Daryl @ Thu Jan 12 said:


> Divisi implies that the whole is divided. Horns are solo instruments, so rather than dividing, they are just playing normally.



That the whole _what_ is divided? Horns are no more solo instruments than violins are solo instruments. The violins are a section; the horns are a section.

I guess there is no _div_ markings, b/c one horn cant play a chord. Therefore, when you see that (what I posted), it can only be played one way - each horn takes one note. Whereas if it's a string section, the players wouldn't know if the first stand and second stand take different notes, or if they all play double stops. With horns (as well as every other instrument) there can't be chords/dbl stops, so....



Daryl @ Thu Jan 12 said:


> BTW your example illustrates perfectly the "wrong" way to voice Horns.



Eh, that's a screen shot from ET. You want to tell JW he did it wrong? PM me, I'll give you his phone # :lol:


----------



## Daryl (Jan 12, 2012)

RiffWraith @ Thu Jan 12 said:


> Daryl @ Thu Jan 12 said:
> 
> 
> > Divisi implies that the whole is divided. Horns are solo instruments, so rather than dividing, they are just playing normally.
> ...


The idea of a horn section is a much more modern idea then a violin section. it has nothing to do with double stopping. However, unless you are going to work with live players, I guess it doesn't really matter. 



RiffWraith @ Thu Jan 12 said:


> Daryl @ Thu Jan 12 said:
> 
> 
> > BTW your example illustrates perfectly the "wrong" way to voice Horns.
> ...


AFAIK the ET score was hand written, so it can't be a screenshot from ET. I also don't think he orchestrated it, so if the voicing was technically incorrect, it would be the decision of the orchestrator.

D


----------



## EastWest Lurker (Jan 12, 2012)

Daryl's point is that L.A. film score conventions do not always directly mirror concert hall music conventions and he is correct.

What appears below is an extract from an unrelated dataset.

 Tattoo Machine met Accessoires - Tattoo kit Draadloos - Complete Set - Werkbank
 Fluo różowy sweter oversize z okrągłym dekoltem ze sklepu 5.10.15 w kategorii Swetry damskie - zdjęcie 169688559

That said, assuming it is 3 tenor trombones and 1 bass trombone, it is a distinction without a difference musically.


----------



## mducharme (Jan 12, 2012)

RiffWraith @ Thu Jan 12 said:


> Daryl @ Thu Jan 12 said:
> 
> 
> > Divisi implies that the whole is divided. Horns are solo instruments, so rather than dividing, they are just playing normally.
> ...



It really comes down to us still using traditional terminology. Brass instruments have historically not played in unison often. They almost always have played chords of some kind in harmony. Our idea of using these brass instruments in unison is about as old as the valve trumpet and horn, when the instruments started becoming more capable in the late romantic era. With horns, when you have them in unison, you are taking instruments that traditionally played individual lines and are putting them together. With violins in an orchestra setting, all 1st violins traditionally played the same line as all other first violins, and splitting them up was the exception.

I agree very much with Daryl on the terminology - horn players and orchestra conductors may look at you really strange if you say "divisi" for something that is not strings or choir. The reason for this does not make sense anymore, we are stuck with it because of tradition.


----------



## mducharme (Jan 12, 2012)

Another example - why are horns above Trumpets on a full score? Traditionally, they played with the winds and were grouped with them, which was a good reason. Now, we use them most often as part of the brass choir in the orchestra. It would make sense logically to have them in between the trumpets and the trombones on the full score. Obviously you cannot actually do so - if you did it would cause practical problems where the conductor would be looking in the wrong place for the horns, but it would certainly be more logical.


----------



## EastWest Lurker (Jan 12, 2012)

Once again, things are different in LA. I have seen and done lots of score prep where the horns are between the tpts and bones and L.A. conductors adjust with no problem.

Form follows function.


----------



## Daryl (Jan 12, 2012)

mducharme @ Thu Jan 12 said:


> I agree very much with Daryl on the terminology - horn players and orchestra conductors may look at you really strange if you say "divisi" for something that is not strings or choir. The reason for this does not make sense anymore, we are stuck with it because of tradition.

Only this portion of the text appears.